The CFPB maintains that the way it detects discrimination in the auto industry should be no mystery to Congress. These methods, which are similar to those used by the DOJ and other federal banking regulators, have been used in voting rights cases, discrimination cases, and jury selection cases for decades, a CFPB spokeswoman notes. Here's how it works: Because customer race and ethnicity data is not available for auto loans, the CFPB uses proxies, including geography and surname, to see if lenders are allowing dealerships to charge higher interest rates to minorities. The CFPB has responded to lawmakers' requests for this methodology in letters, at a public forum on the issue, and on its website.
If lawmakers don't trust the feds' definition of discrimination, they can also look to the courts. In December, the DOJ and the CFPB reached a $98 million settlement with Ally Financial and Ally Bank over claims that Ally's markup policies resulted in illegal discrimination against over 235,000 minority borrowers. At least seven class-action lawsuits have been filed over the past 14 years that allege auto-dealers unfairly overcharged minorities. And "nothing has really changed in the marketplace" to force auto lenders and dealerships to change their practices, says Chris Kukla, the senior counsel for government affairs at the Center for Responsible Lending, a nonprofit consumer rights group.
Car dealers have also complained that regulating the interest rates dealerships can charge will increase costs for consumers. Consumer advocates disagree: "I don't believe…[dealers'] ability to mark up prices…in any way benefits consumers," says Stuart Rossman, director of litigation the National Consumer Law Center, an advocacy group.
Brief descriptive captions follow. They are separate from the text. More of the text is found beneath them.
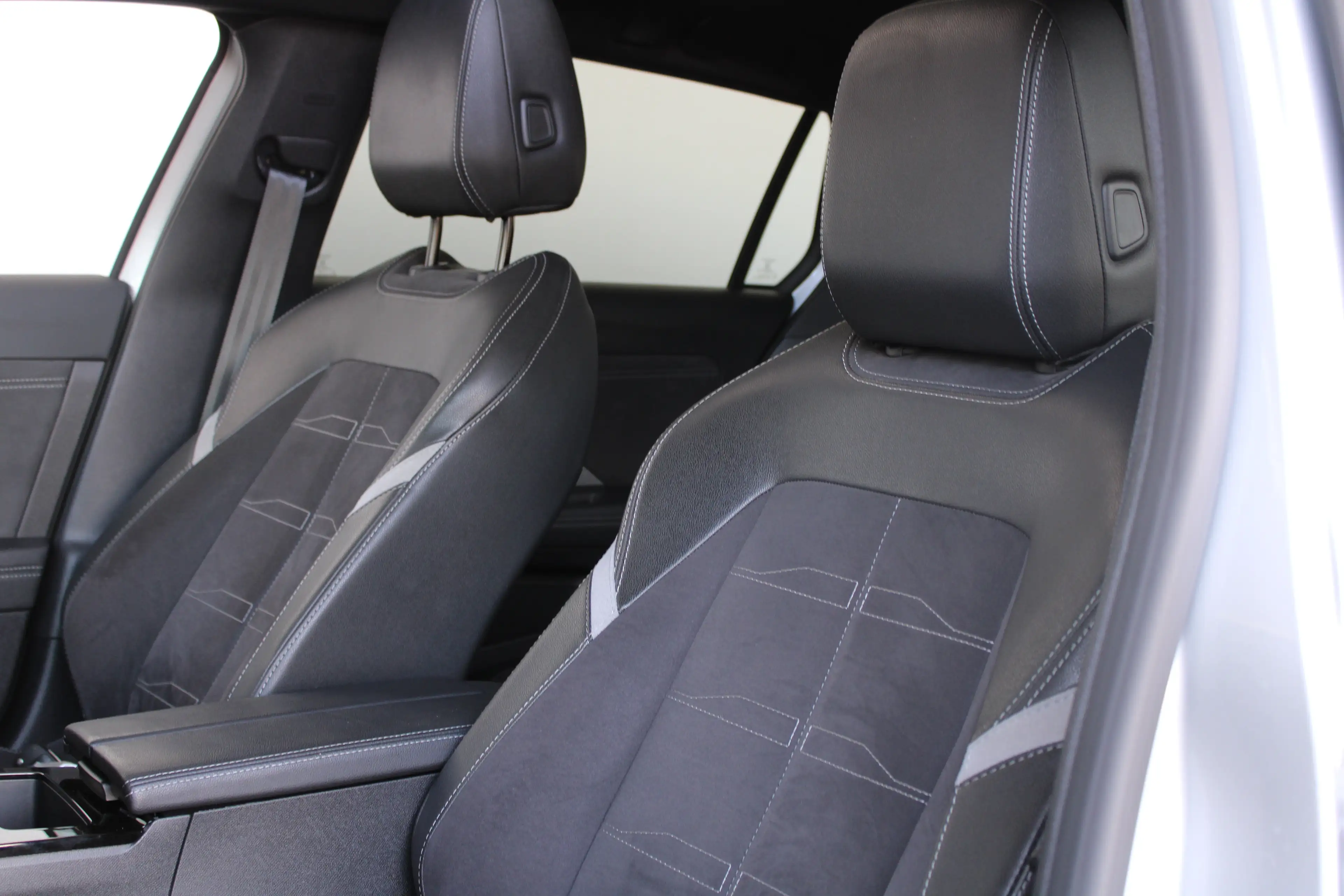Opel Astra Sports Tourer 1.2 Ultimate | Afneembare trekhaak | — photo 10
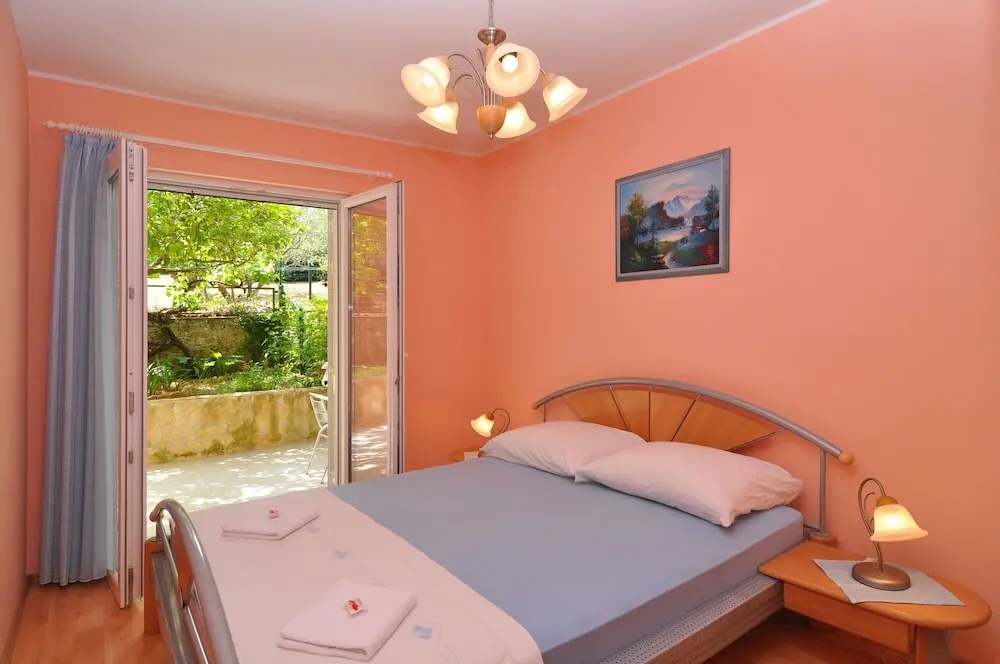 Spacious 100m2 apt W.big Terrace & Great sea View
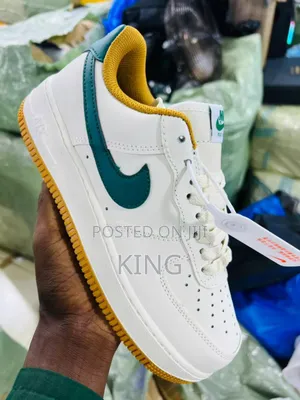 Grand Nike Original Sneakers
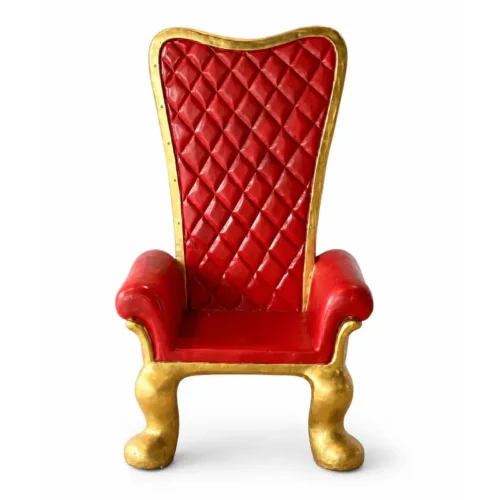 Trône rouge capitonné avec finitions dorées sur fond blanc, disponible à la location pour décor événementiel, arbre de Noël ou séance photo.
Jeff Sovern, a law professor and expert in consumer law at St. John's University in New York, adds that the low prices some customers have been paying may have been subsidized by the higher prices paid by minorities. "It's not usually considered a defense that the beneficiaries of racism should keep the lower prices that other groups pay for," he says.
So why the outcry amongst Democrats? Congressional aides and consumer advocates say that the auto dealer industry's lobbying efforts are intense. "Dealers are a powerful lobby," Kukla says. "These people sell things for a living. They're good at advocating."
"I'm not surprised that any politician" would cave to the dealerships, Rossman adds. The National Automobile Dealers Association (NADA), an industry trade group, has spent $3.1 million on lobbying in 2013, according to lobbying disclosure forms. "The dealerships made a very concerted push to get [members of Congress] to sign those letters" criticizing the guidance, Kukla says.
None of the 35 Democrats responded to requests for comment for this story, nor did the National Association of Minority Automobile Dealers, another industry trade group. NADA declined to comment.
The oddest aspect of Democrats' push back on the CFPB anti-discrimination measures, advocates say, is that in issuing the guidance, the CFPB didn't actually create any new regulation or law. "The funny thing is that… [the CFPB] is getting hit…because someone is actually enforcing rules already on the books," says the Dem aide.
"It's not that controversial," Rossman adds.